The US accounting regulator is stepping up its inspections of foreign audit firms this year as it seeks to minimise political and legal controversy caused by the work.
The Washington-based Public Company Accounting Oversight Board (PCAOB) completed its first inspections of foreign audit firms during 2005, in Canada, Chile, Israel and the UK.
The PCAOB did 16 inspections of foreign firms last year and is considering sending its staff to countries in continental Europe and Asia this year. "We expect to inspect more non-US firms in 2006," said the PCAOB.
The UK businesses of the big four accounting firms -- Deloitte, Ernst & Young, KPMG and PwC -- are bracing themselves for inspections after the PCAOB held talks last month with the Financial Reporting Council (FRC), the British accounting regulator.
The prospect is unnerving some UK accountants because they could be criticised if poor audit work is found. The inspections are controversial because they can involve PCAOB staff going to foreign firms' offices to scrutinise audit documents and to interview accountants.
The PCAOB was created by the 2002 Sarbanes-Oxley Act after accounting scandals at Enron and WorldCom, and it must produce reports every year about foreign audit firms that have more than 100 audit clients with US stock market listings. It must do reports every three years on those with less than 100 audit clients with US listings.
David Scott, chief executive of the Canadian Public Accountability Board (CPAB), which regulates auditors, said it had conducted joint inspections of some Canadian accounting firms with the PCAOB.
He said the CPAB and PCAOB; staff had picked their own samples of the firms' audit engagements to review. "It has worked very well," he said.
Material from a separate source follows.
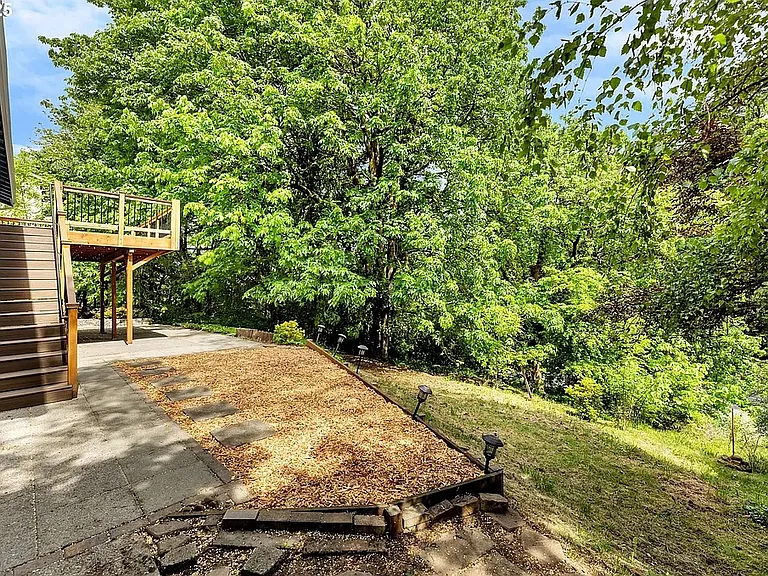 1320 NW Maple Ln #B — Photo 15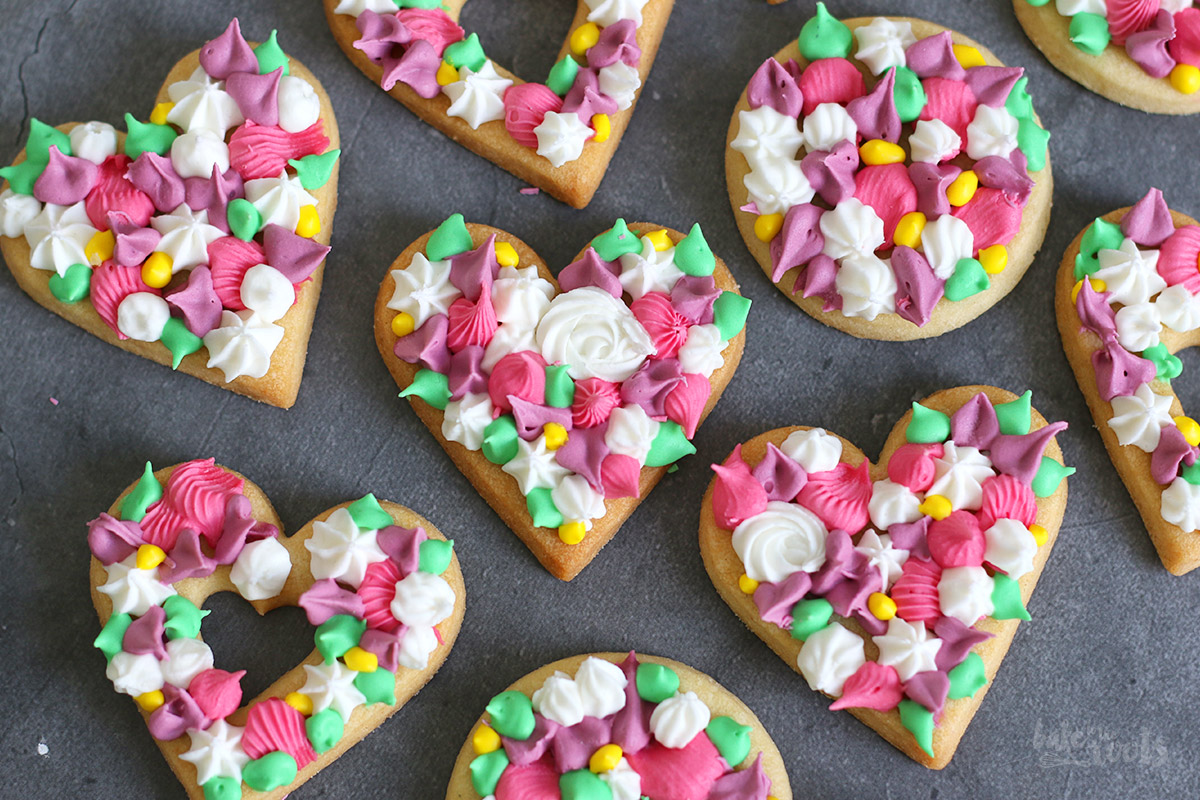 Mother's Day Floral Cookies | Bake to the roots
Philippe Steing, secretary general of the Haut Conseil du Commissariat aux Comptes, the French accounting regulator, said he was in talks with the PCAOB about allowing each watchdog to do inspections on the other's behalf.
The PCAOB said it was working with its counterparts outside the US to ensure the foreign inspections "are carried out within both the spirit and letter of the Sarbanes-Oxley Act".